[WHAT YOU NEED TO DO]: Filter on the word "Travel": copy each matching line from the listing below.

■ ■ ■

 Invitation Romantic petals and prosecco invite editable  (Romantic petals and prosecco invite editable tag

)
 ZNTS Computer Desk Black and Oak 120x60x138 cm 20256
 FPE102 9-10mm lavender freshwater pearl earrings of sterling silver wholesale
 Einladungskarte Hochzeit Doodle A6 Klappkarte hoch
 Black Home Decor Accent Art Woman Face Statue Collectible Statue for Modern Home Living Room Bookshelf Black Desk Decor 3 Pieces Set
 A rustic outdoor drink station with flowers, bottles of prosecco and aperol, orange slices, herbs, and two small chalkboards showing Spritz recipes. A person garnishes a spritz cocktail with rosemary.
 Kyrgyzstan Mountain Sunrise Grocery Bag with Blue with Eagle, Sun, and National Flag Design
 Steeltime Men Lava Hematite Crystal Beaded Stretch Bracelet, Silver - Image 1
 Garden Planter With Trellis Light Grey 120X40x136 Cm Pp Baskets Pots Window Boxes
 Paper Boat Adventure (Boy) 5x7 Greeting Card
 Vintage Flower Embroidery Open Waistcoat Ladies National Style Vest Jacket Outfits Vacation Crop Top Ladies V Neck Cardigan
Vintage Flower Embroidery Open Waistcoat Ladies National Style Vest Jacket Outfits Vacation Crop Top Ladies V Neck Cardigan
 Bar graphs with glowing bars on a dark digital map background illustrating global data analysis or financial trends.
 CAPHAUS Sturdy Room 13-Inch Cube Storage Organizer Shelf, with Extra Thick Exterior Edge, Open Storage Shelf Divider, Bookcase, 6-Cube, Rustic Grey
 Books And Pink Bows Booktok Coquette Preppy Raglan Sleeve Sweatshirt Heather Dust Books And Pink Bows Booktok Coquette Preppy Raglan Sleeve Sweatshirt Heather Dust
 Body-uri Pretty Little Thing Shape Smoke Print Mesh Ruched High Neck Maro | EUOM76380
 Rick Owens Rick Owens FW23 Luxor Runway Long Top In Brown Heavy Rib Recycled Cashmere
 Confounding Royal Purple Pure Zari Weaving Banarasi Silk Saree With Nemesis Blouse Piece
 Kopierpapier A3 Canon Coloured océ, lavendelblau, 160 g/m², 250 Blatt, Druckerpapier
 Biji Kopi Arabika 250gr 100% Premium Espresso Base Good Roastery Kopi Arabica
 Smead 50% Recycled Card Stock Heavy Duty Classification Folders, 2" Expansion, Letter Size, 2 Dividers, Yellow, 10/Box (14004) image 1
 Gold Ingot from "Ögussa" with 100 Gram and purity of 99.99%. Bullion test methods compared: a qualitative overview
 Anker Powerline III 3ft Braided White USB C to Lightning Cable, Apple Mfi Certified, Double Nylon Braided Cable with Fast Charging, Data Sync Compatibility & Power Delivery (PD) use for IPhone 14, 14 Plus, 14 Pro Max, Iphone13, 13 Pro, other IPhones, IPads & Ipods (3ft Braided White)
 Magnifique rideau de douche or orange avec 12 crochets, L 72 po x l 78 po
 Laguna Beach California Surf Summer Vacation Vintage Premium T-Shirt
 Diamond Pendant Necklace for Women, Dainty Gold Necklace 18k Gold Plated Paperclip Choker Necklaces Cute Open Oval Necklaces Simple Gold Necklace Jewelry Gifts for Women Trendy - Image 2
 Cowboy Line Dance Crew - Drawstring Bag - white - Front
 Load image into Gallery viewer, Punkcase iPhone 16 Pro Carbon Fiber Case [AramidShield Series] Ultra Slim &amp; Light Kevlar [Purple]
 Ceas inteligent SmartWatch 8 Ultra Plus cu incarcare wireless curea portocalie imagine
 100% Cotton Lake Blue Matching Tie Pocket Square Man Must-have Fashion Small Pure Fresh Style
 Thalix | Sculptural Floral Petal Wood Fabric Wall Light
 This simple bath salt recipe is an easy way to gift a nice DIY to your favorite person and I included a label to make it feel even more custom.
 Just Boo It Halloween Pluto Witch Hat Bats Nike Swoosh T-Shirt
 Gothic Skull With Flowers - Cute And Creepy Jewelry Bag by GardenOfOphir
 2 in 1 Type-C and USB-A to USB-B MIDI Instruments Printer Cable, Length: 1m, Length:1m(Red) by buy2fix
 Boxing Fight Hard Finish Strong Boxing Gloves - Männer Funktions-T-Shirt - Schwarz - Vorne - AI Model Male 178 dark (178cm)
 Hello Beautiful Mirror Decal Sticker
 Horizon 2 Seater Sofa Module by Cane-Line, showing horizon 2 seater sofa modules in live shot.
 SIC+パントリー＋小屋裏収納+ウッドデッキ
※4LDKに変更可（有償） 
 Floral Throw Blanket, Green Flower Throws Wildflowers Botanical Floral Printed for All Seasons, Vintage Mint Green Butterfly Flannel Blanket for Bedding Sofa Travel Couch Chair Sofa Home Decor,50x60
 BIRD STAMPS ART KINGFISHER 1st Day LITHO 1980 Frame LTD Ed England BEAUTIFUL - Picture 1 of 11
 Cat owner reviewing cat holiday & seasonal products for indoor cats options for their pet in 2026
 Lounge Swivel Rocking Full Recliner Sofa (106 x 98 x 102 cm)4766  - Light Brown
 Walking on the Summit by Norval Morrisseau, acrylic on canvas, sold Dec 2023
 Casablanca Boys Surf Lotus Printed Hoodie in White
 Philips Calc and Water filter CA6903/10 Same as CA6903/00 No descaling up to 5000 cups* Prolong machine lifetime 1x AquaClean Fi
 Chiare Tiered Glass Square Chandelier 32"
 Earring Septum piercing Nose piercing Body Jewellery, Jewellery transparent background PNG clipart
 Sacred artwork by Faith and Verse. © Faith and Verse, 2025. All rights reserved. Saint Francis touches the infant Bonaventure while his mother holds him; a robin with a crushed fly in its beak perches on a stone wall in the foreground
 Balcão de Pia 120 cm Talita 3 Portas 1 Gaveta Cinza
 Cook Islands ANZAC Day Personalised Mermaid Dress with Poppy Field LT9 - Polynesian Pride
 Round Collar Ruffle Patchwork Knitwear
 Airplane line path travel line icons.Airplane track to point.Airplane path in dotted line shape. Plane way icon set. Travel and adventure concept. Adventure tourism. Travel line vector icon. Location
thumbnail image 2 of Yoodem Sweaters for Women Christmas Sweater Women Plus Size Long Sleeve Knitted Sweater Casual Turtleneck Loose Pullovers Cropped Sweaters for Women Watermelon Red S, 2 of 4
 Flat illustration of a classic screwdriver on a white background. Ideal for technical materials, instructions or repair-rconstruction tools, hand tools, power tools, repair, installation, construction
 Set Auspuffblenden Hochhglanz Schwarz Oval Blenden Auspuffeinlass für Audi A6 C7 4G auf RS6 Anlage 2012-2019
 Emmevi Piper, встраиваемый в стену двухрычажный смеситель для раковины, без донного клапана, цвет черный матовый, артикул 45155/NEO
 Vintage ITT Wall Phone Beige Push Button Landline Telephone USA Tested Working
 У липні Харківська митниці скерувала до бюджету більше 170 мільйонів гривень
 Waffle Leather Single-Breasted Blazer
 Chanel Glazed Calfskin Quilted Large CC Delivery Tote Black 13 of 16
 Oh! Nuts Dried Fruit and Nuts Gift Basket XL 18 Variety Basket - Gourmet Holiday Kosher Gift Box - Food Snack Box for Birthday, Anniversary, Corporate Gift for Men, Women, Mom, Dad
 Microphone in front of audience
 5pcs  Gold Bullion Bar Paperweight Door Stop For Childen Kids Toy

■ ■ ■

[ANSWER]:
 Floral Throw Blanket, Green Flower Throws Wildflowers Botanical Floral Printed for All Seasons, Vintage Mint Green Butterfly Flannel Blanket for Bedding Sofa Travel Couch Chair Sofa Home Decor,50x60
 Airplane line path travel line icons.Airplane track to point.Airplane path in dotted line shape. Plane way icon set. Travel and adventure concept. Adventure tourism. Travel line vector icon. Location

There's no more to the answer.